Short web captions
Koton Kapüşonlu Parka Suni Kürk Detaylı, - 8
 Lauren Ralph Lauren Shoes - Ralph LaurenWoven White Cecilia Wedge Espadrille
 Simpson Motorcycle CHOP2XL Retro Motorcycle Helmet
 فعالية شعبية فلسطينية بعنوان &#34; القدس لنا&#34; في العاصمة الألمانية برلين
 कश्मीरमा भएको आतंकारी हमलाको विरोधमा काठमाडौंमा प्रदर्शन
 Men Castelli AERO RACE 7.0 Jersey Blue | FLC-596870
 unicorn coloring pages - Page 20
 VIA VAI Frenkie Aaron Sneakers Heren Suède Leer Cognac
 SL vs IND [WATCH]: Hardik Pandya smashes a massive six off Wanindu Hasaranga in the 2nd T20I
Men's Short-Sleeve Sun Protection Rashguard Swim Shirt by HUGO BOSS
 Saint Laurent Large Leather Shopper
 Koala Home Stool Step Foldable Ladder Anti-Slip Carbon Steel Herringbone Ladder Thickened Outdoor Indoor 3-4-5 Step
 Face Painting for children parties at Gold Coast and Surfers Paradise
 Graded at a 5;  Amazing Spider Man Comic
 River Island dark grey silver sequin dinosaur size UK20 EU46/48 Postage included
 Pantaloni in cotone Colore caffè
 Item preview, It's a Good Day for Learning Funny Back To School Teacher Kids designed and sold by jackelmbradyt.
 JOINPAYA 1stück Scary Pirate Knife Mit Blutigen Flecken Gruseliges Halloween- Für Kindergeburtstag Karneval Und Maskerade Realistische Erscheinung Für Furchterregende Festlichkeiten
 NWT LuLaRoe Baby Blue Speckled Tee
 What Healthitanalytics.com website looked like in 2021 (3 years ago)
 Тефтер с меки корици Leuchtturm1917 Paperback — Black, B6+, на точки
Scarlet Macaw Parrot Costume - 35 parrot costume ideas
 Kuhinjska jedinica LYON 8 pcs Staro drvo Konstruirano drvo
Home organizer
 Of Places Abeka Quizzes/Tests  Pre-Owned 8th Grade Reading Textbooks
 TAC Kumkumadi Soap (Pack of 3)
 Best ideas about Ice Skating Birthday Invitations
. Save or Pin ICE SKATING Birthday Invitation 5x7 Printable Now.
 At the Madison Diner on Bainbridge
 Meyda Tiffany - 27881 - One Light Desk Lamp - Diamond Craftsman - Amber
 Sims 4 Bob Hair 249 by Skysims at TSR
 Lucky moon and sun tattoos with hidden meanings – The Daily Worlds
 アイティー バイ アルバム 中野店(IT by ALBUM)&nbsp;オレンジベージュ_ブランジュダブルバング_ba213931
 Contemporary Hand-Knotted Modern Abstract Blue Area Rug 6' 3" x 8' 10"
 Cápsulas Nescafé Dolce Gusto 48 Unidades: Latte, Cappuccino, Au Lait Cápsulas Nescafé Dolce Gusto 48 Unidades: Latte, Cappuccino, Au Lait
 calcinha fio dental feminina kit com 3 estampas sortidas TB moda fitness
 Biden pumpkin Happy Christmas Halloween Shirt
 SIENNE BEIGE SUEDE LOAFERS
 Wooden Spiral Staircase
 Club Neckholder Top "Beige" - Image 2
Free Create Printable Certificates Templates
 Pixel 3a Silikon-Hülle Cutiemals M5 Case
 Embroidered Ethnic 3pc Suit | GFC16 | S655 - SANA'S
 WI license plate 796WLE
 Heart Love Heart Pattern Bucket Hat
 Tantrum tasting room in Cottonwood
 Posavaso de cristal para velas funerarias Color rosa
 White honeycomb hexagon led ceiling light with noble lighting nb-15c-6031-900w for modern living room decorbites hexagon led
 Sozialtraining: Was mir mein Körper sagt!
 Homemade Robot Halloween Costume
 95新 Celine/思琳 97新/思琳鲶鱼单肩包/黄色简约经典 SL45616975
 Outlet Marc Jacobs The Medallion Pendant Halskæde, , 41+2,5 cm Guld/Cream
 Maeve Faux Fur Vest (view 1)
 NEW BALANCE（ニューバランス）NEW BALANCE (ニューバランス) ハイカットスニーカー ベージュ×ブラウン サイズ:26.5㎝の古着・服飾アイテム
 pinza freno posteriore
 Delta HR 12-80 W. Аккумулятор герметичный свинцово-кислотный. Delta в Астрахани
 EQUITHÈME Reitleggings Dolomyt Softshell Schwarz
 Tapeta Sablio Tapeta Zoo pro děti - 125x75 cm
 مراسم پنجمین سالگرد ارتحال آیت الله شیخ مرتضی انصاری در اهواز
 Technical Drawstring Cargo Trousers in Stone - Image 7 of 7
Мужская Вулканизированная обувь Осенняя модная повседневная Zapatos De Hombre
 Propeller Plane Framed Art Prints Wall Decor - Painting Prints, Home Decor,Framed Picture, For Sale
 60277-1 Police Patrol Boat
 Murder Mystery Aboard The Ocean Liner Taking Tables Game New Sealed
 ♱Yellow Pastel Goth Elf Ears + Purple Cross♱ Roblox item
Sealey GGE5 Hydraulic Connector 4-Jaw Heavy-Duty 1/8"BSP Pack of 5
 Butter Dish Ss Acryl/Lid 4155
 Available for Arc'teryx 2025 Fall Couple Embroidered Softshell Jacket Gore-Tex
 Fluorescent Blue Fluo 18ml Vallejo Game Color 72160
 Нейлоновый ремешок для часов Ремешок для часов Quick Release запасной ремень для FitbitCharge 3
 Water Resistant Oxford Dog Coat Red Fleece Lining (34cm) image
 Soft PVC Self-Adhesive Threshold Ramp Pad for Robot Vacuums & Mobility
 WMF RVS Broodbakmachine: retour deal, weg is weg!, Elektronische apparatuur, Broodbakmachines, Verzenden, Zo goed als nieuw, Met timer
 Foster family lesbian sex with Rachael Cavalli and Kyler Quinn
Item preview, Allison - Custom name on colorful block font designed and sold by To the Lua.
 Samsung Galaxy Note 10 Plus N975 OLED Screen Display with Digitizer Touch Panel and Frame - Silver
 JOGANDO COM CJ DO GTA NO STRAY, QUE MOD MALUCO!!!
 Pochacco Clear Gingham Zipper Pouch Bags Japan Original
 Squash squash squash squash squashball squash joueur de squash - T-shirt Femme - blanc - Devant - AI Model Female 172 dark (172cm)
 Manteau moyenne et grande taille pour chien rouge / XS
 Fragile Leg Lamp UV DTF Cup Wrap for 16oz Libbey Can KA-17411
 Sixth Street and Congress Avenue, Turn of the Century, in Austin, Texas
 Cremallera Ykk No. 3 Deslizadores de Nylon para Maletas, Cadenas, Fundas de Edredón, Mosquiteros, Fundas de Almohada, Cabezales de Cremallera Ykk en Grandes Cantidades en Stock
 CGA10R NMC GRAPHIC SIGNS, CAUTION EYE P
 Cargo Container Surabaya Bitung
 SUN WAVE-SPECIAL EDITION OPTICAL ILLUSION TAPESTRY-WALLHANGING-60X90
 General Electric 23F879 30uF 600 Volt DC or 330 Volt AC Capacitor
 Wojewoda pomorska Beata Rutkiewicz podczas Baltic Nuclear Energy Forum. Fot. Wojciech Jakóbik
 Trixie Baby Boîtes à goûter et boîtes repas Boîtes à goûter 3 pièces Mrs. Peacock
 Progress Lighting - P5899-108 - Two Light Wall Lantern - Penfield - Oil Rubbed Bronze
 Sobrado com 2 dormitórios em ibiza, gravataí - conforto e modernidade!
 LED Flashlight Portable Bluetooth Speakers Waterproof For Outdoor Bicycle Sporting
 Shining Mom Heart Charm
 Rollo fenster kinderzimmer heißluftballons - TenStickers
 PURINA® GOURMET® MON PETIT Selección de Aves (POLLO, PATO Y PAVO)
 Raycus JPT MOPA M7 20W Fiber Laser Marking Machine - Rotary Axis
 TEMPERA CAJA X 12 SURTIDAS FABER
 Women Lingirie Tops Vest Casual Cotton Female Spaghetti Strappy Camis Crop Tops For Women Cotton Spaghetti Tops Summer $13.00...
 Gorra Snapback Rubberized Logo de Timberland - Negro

Task requirements
Report each line above that includes the string "preview".

Answer section
 Item preview, It's a Good Day for Learning Funny Back To School Teacher Kids designed and sold by jackelmbradyt.
Item preview, Allison - Custom name on colorful block font designed and sold by To the Lua.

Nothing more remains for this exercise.